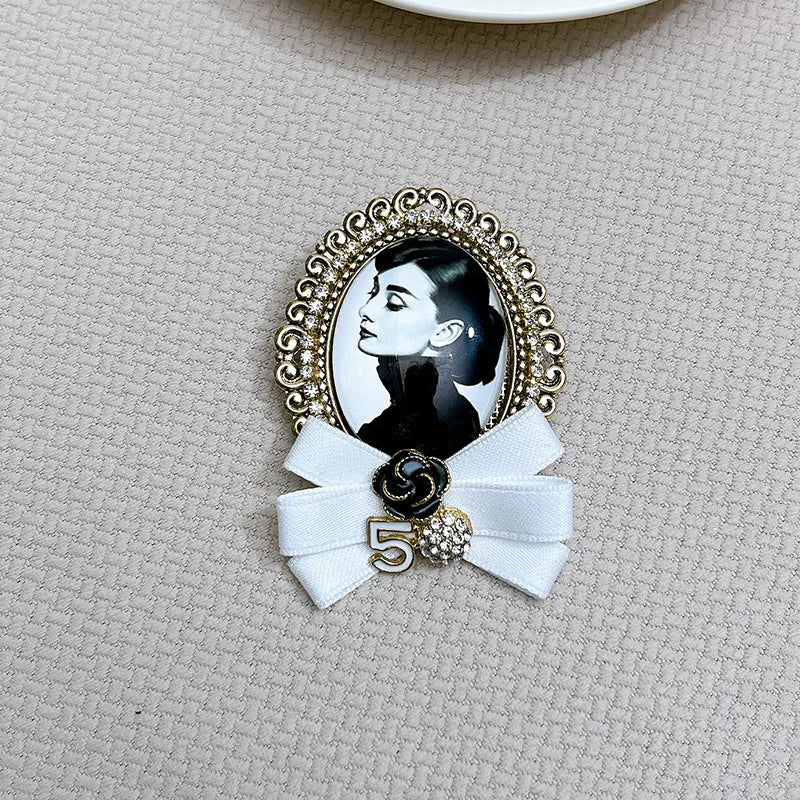 Retro Beauty Head Brooch - Velvet Bow Badge Flower Corsage Pin
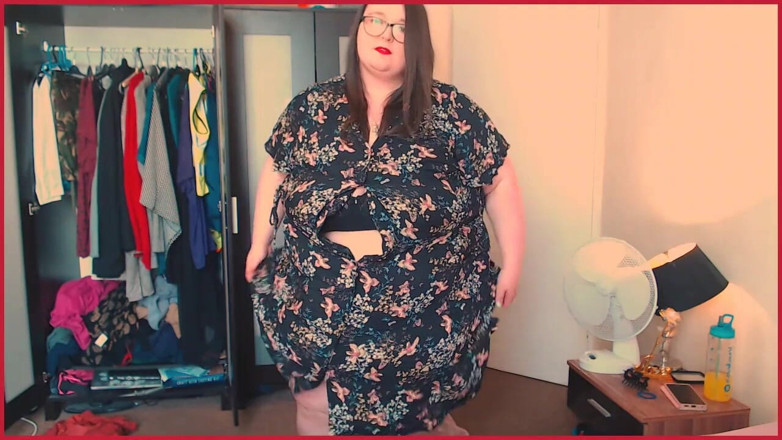 SSBBWLadyBrads: SSBBW rips clothes that don't fit body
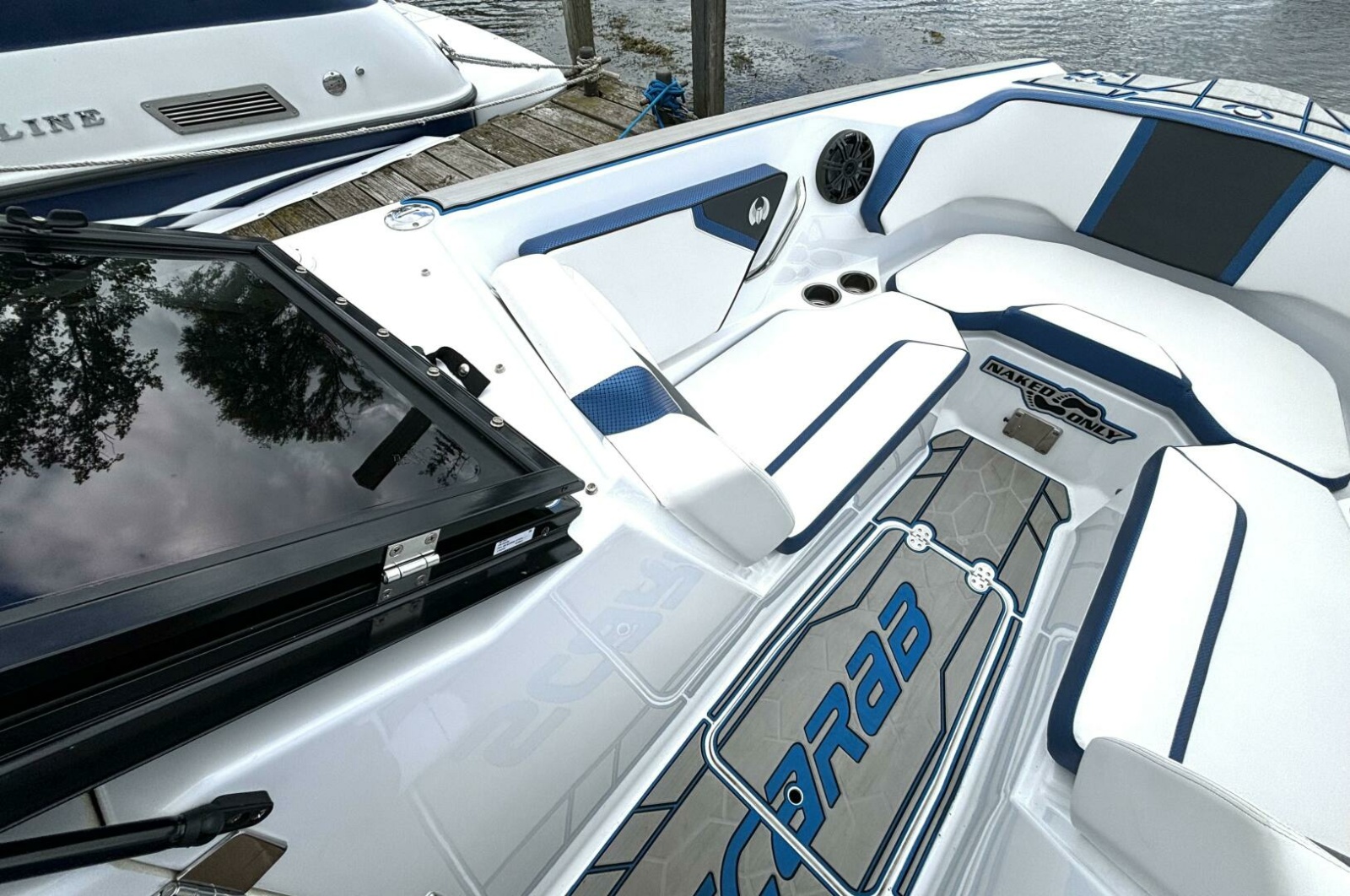 2020 Scarab 255 ID Wake 25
━━━
§ **What to produce**: Where a picture appears in the data, omit it; restate the rest word for word.

§ **Your response**:
 Retro Beauty Head Brooch - Velvet Bow Badge Flower Corsage Pin
 SSBBWLadyBrads: SSBBW rips clothes that don't fit body
 2020 Scarab 255 ID Wake 25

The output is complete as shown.